(TASK): Print, exactly as written, the line containing "أنشيلوتي يطلب ضم مهاجم إيفرتون لريال مدريد" and every line after it, ending with the final line of the data below.

----- LISTED ENTRIES

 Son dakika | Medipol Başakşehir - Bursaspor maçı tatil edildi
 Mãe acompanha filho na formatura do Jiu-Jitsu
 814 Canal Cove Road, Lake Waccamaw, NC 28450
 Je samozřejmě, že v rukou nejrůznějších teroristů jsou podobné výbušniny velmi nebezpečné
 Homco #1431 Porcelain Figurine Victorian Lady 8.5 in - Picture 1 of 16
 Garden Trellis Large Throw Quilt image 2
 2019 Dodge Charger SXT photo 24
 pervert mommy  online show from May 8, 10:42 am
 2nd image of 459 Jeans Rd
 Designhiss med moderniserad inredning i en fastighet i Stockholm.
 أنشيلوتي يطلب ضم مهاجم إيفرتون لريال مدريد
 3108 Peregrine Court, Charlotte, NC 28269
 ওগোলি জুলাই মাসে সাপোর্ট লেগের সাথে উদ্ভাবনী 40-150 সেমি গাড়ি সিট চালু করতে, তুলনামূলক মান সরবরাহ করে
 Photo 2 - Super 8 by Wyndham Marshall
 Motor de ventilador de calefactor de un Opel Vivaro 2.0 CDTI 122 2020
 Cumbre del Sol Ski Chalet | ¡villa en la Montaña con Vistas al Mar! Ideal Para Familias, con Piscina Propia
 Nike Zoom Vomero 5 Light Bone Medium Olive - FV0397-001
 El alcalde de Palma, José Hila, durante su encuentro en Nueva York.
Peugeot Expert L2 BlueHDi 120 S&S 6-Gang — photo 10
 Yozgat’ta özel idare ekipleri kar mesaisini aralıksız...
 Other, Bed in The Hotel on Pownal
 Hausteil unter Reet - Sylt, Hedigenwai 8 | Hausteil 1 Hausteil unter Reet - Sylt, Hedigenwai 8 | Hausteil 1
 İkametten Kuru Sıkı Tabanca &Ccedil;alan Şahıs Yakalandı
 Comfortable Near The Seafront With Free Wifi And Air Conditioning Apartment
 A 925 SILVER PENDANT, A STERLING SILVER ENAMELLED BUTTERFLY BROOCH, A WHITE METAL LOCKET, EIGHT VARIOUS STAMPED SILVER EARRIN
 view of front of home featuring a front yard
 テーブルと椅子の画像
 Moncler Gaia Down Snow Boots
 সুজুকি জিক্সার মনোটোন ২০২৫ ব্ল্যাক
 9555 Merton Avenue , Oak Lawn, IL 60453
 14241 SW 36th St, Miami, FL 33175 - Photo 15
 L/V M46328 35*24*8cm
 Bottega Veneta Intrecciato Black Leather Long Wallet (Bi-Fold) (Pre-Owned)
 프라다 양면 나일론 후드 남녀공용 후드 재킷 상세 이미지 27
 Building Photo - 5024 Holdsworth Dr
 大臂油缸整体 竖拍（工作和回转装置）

----------

(PROBLEM SOLUTION):
 أنشيلوتي يطلب ضم مهاجم إيفرتون لريال مدريد
 3108 Peregrine Court, Charlotte, NC 28269
 ওগোলি জুলাই মাসে সাপোর্ট লেগের সাথে উদ্ভাবনী 40-150 সেমি গাড়ি সিট চালু করতে, তুলনামূলক মান সরবরাহ করে
 Photo 2 - Super 8 by Wyndham Marshall
 Motor de ventilador de calefactor de un Opel Vivaro 2.0 CDTI 122 2020
 Cumbre del Sol Ski Chalet | ¡villa en la Montaña con Vistas al Mar! Ideal Para Familias, con Piscina Propia
 Nike Zoom Vomero 5 Light Bone Medium Olive - FV0397-001
 El alcalde de Palma, José Hila, durante su encuentro en Nueva York.
Peugeot Expert L2 BlueHDi 120 S&S 6-Gang — photo 10
 Yozgat’ta özel idare ekipleri kar mesaisini aralıksız...
 Other, Bed in The Hotel on Pownal
 Hausteil unter Reet - Sylt, Hedigenwai 8 | Hausteil 1 Hausteil unter Reet - Sylt, Hedigenwai 8 | Hausteil 1
 İkametten Kuru Sıkı Tabanca &Ccedil;alan Şahıs Yakalandı
 Comfortable Near The Seafront With Free Wifi And Air Conditioning Apartment
 A 925 SILVER PENDANT, A STERLING SILVER ENAMELLED BUTTERFLY BROOCH, A WHITE METAL LOCKET, EIGHT VARIOUS STAMPED SILVER EARRIN
 view of front of home featuring a front yard
 テーブルと椅子の画像
 Moncler Gaia Down Snow Boots
 সুজুকি জিক্সার মনোটোন ২০২৫ ব্ল্যাক
 9555 Merton Avenue , Oak Lawn, IL 60453
 14241 SW 36th St, Miami, FL 33175 - Photo 15
 L/V M46328 35*24*8cm
 Bottega Veneta Intrecciato Black Leather Long Wallet (Bi-Fold) (Pre-Owned)
 프라다 양면 나일론 후드 남녀공용 후드 재킷 상세 이미지 27
 Building Photo - 5024 Holdsworth Dr
 大臂油缸整体 竖拍（工作和回转装置）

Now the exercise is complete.